She was born Sarah Durados in the French commune of Condom to immigrant parents from Guadeloupe. But Maldoror’s modest beginnings held nothing for the woman she would become.
After graduating from drama school in Paris, Maldoror left for the Soviet Union in the 1960s on a scholarship. In Moscow, some of Maldoror’s mates included Ousmane Sembène, the director from Senegal nicknamed “the father of African film” and Mark Donskoi, the prolific Soviet filmmaker.
Maldoror’s entrance into filmmaking was kicked off with apprenticeships to directors such as the Italian Gillo Pontecorvo who directed The Battle of Algiers, a cinematic depiction of a true story during Algeria’s war of independence.
In 1968, Maldoror directed her own short feature titled Monangambee. The film’s subject was the perception held by Portuguese towards traditional Angolan culture. This was the foundation upon which Maldoror built her historic significance in African film history.
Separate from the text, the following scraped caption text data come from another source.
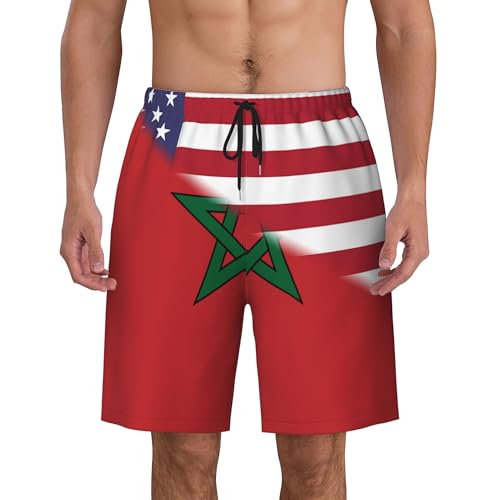 American Flag and Morocco Flag Mens Summer Seabeach Casual Shorts Seaside Surfing Swim Trunks Beach Pants4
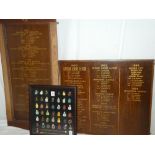 Three displays of rowing memorabilia including SRC oak display board of winning teams 1921-1926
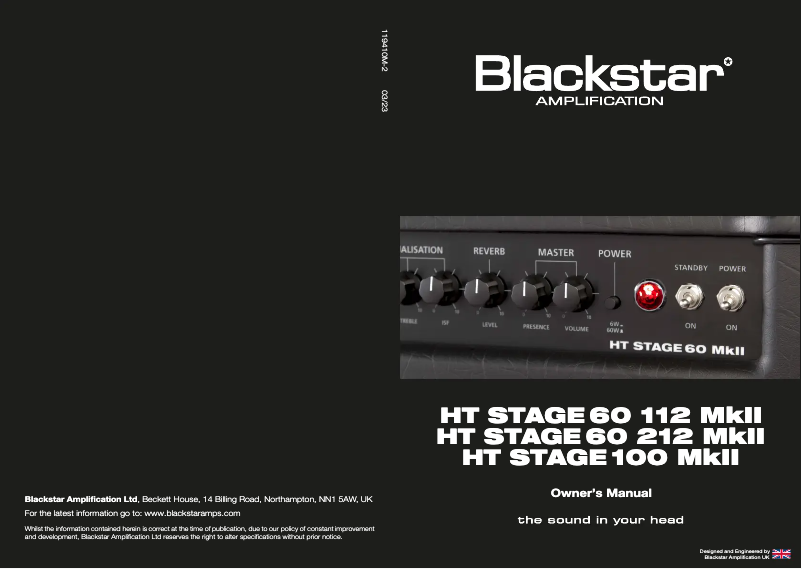 Page n°1 - Manuel utilisateur Blackstar HT Stage 100 MkII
Hers was what has come to be known as “militant cinema” – filmmaking that centers the struggle of the disenfranchised and the explicit ways through which they demand their dignity.
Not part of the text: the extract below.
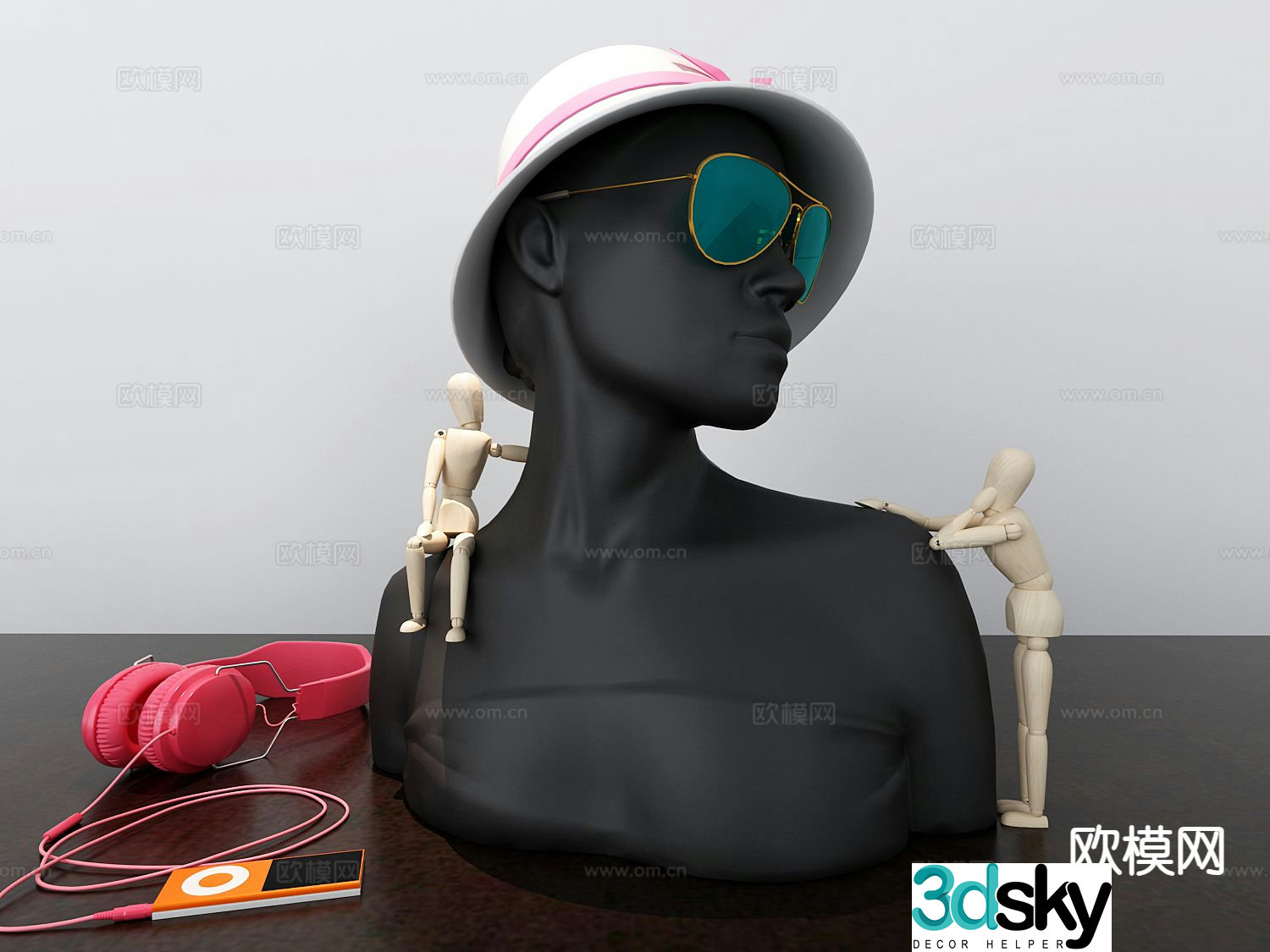 Modern beauty sculpture ornaments headphones doll 3D model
Basla Lewandoska Cummings, writing for africasacountry.com, described the philosophy of Maldoror’s films in these words:
“…Maldoror is concerned with community, action and politics. Her scripting of a powerful, stubborn and loving woman as the central character of her feature film both embodies and provokes the complex notions of community during struggle, and what political struggle really is.”
Maldoror’s 1972 feature Sambizanga, a film that chronicled Angola’s fight for liberation from Portugal, typifies all of what Maldoror wished to see in a film. She did not simply wish to just tell a story. Maldoror looked to instruct according to a communalist ethic through her cinematic explanations.
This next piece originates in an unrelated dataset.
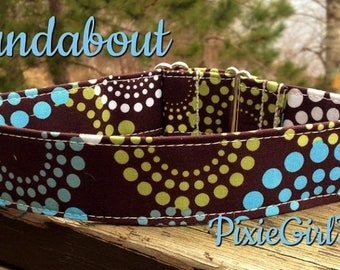 Dog Collar, Polka Dot Dog Collar, Blue Dog Collar, Green Dog Collar, Dog Collar for a Girl, Martingale Dog Collar, Female Dog Collar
Maldoror’s husband was Mário Pinto de Andrade, the Angolan poet and politician. This meant that Maldoror had a front-row seat to the activities of the revolutionary Popular Movement for the Liberation of Angola (MPLA) founded by Andrade.
With regards to her affinity with African women and what she felt was their due in filmmaking, Maldoror once said in an interview:
“African women must be everywhere. They must be in the images, behind the camera, in the editing room and involved in every stage of the making of a film. They must be the ones to talk about their problems.
Maldoror made films well into her late 60s, amassing a repertoire of over 20 films.